Cool article. Quick question: the link to the book you describe leads to a book of a different title: “Teach Yourself Writing a Novel”, not “Writing a Novel and Getting Published” (although both are by Nigel Watts).
Which book describes the eight-point story arc?
Another good book about story structure is “Story” by Robert McKee. Although mainly focused on movie plots, most of what he writes holds for stories in general.
They’re both the same book — just different editions. Both contain the 8 point story arc. The “Teach Yourself” one is the more recent edition.
Ah. Thanks, Ali.
Was not poison the cause of Romeo’s timeless end?
Mongoose, thanks for spotting that — you’re completely right! I don’t know HOW I got that wrong.
I’ve amended the reference in the article now. Thanks again!
One of my favorite movies, “The Big Lebowski,” follows this structure exactly. Caution: although this film is hilarious, the “f” word is used quite often.
I know it won’t be a constructive comment, but at this point all I want to say is: Thank you for this post! I just started writing my own novel and am very unexperienced. But this eight-point-arc helped me a lot now, it gave me back the clear view of my work.
I ran through this article this morning but I wanted to write it on my notebook so I searched for it on the archives..it took a long while ‘coz I for got the title..a lesson learned..next time I’ll jot down right away when an article is worth remembering..thanks a lot! I’m an inexperienced writer and this helped me a lot!

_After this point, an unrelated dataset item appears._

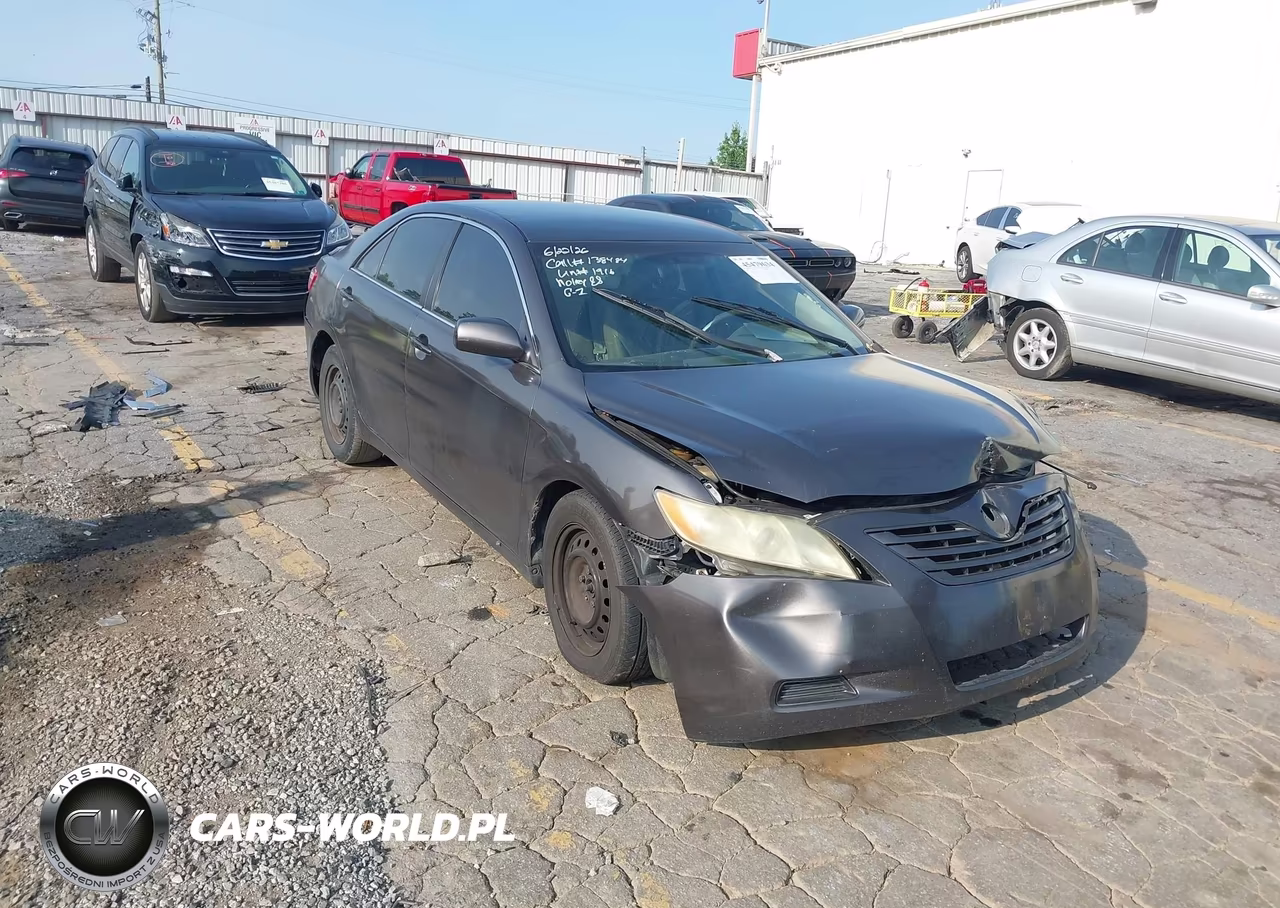 2009 Toyota Camry Le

Excellent article; thanks! One quibble — in terms of the tragedy, Romeo’s fatal choice is to challenge and kill Tybalt, after he killed Mercutio. All the other wrong choices stem from that one, and it puts the responsibility for the rest of the tragic outcomes to some extent or another at his feet.

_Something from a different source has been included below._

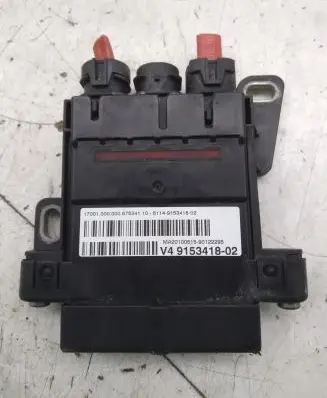 BMW 5 F10 F11 Other control units/modules 915341802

I realise it has been posted for some time but I have only just come across it.
Simple, effective advice.
I’ve had Nigel Watts’ wonderful book for many years and read it ever so often. The eight-point arc is handy even for writing plays and screenplays. I’m a published playwright (Sri Lanka) and recently took a crack at writing my first screenplay — a kind of “art house” psychological drama set in Scandinavia. Even though it has a non-linear plot, the eight-point arc was the template.

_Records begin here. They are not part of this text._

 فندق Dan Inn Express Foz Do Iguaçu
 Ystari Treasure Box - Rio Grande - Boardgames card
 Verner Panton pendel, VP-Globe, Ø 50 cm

Thanks for this! I am writing three stories – a storyboard for a machinima horror miniseries, a sci-fi children’s novel, and a role-playing fantasy game campaign for my 6th grade students. This will work for all of them! I’m really excited to use this and was imagining already the overall arc for each of the eight points.
Thank you for the article. A great summary of how to structure a good story
GORGEOUS!!! However, I am so glad that there are actually no rules about writing that are set in stone, yet this helps generalise the overall formula modern day creative writing uses.
What if the protagonist dies in the climax leaving 3 secondary characters behind? What happens to the other 2 points? How would it proceed?
This would be fun to do with other stories to help get the picture. I was thinking of The Wizard of Oz while reading the eight steps and wondering which part of the book/movie fit into the steps.